Vive le dimanche ! (JA)

Attila – 30 septembre 2013 18 h 02 min
« Si on reprenait ainsi tous les enjeux de société, bien des révolutions s’imposeraient. »: que l’on tire au sort le jour de repos hebdomadaire obligatoire, sans y mêler une religion quelconque. Ainsi soit-il.

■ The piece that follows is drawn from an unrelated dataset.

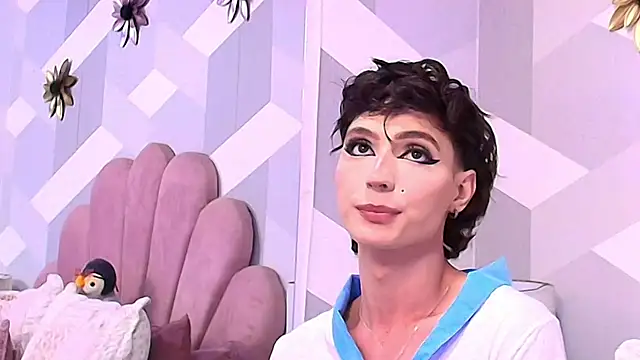 KylieMonnett online show from October 9, 2025, 5:00 pm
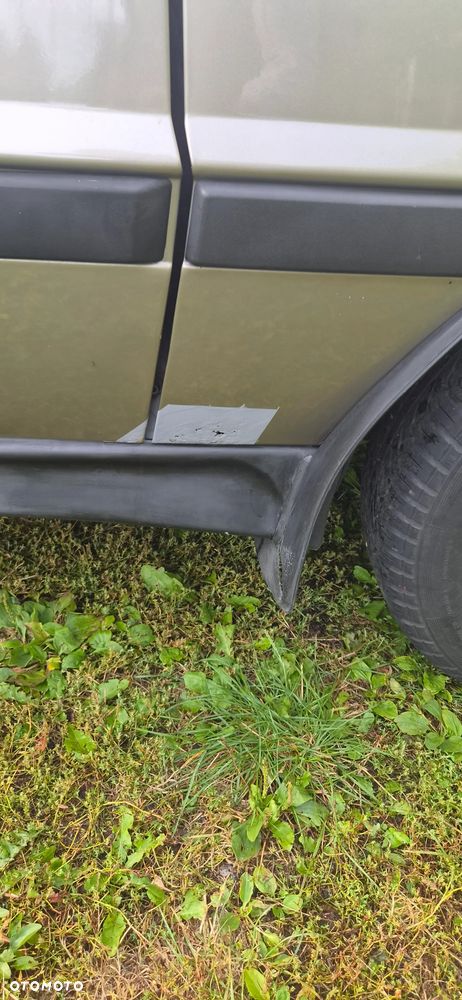 Polonez Caro - 19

Réponse de Attila  – 1 octobre 2013 11 h 17 min

@michel1954 : J’aurais parié que vous seriez pour le repos du samedi à cause du shabbat, comme quoi les préjugés … à moins que vous espéreriez cumuler avec le dimanche. De ce point de vue, je ferais comme Bonaparte en Egypte qui devint, pour la circonstance, musulman , pour profiter d’un long weekend de trois jours … et si je deviens très riche, j’ajouterais d’autres croyances (ou cordes à ma guitare) pour ne rien foutre du tout pour me la (vie) couler douce.
Plus sérieusement, pour aider la mondialisation à se réaliser de notre vivant car elle se fera de gré ou de force, notre objectif devrait être d’éliminer de son chemin tout ceux qui divisent (religions, races, langues, partis politiques/idéologies, niveaux de vie et toutes frontières) pour favoriser ceux qui fédèrent. Utopie direz-vous? Non, clairvoyance. L’homme moderne est assez mûr pour se passer de rituels pour vivre sa réalité.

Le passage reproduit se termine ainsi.